This innovative approach is essential in quantifying uncertainty on production forecasts since the effect of geostatistics is often at least as important as the effect of classical other reservoir parameters.

Field Case Study In this case study, the objective was to highligth the necessity to quantify and reduce uncertainties on production forecast in a field development before decision making.

A synthetic case was used to validate the methodology, and to prove that constraining possible geostatistical models to dynamic data is crucial to dicrease uncertainties on production forecasts. Reservoir Description. In this study we focus on a sector of the reservoir which covers a surface area of 1815 m by 1815 m. The geological model for this sector is a 3D model composed of three layers with a constant thickness of 10 m. It is discretized on a regular grid of 121×121×3 grid blocks of 15 m by 15 m by 10 m. Two distinct facies F1 and F2 are involved in this model. The facies F1 represents 35% of the facies volume and F2 represents 65%. The correlation lengths along the main anisotropy direction are respectively 500m and 100 m horizontaly, and 30 m verticaly. The main anisotropic direction is diagonal with respect to the reservoir grid.

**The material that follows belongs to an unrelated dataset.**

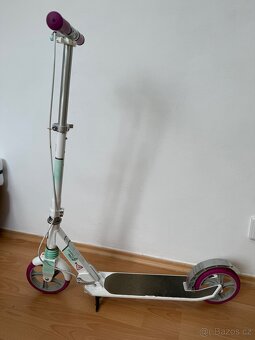 Kolobezka Decathlon Oxelo 9 Mid 9-14 let - 5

One of the two facies is assumed to be of good reservoir quality, and the other of poorer quality. The permeability and porosity for each facies are homogeneous.

The value of the permeability k1 of the good facies F1 is uncertain, and we assume that it could belong to the following range [800 mD ; 1600 mD]. The porosity of this facies is 0.2. The permeability of the poor facies is 50 mD and its porosity is 0.05. The oil-water relative permeability was modeled using analytical curves which are fully characterized by end points and Corey coefficients. The sector production is accomplished through 16 water injector wells and 9 oil production wells regularly located, as shown on figure 5.

Problematic. The objective of this study was to present a methodology to quantify the impact of uncertainty on production forecasts, and especially to quantify uncertainty due to the geostatistical modeling.

The problematic was to test a water-injection process on the sector, to evaluate the efficiency of the recovery process. Moreover, we have focused on the quantification of the integration of interference test data to reduce the uncertainty on production forecasts.

One of the main difficulty of this feasibility study is the management of uncertainties on reservoir parameters. Then,

the goal of this study is to precisely define the production forecasts in a water-injection scenario while taking into account the fact that the values of several parameters are not well known. One of the most important question in this study is then: does the uncertainty on parameters affect the production forecasts, and if this is the case, in which range could we expect the production to vary ?

Indeed, it is as important to predict the expected value of the recovery process, as the risk which remains around this prediction, and which is due to the uncertainties on parameters.

In a first step, we have decided to test the efficiency of the water-injection process on a pilot area which is located at the center of the field. We will then assume that the behavior of this pilot is fully representative of the total field behavior. To do so, we have proceeded to a risk analysis study, which allows to quantify the impact of uncertainties on production forecasts for this pilot.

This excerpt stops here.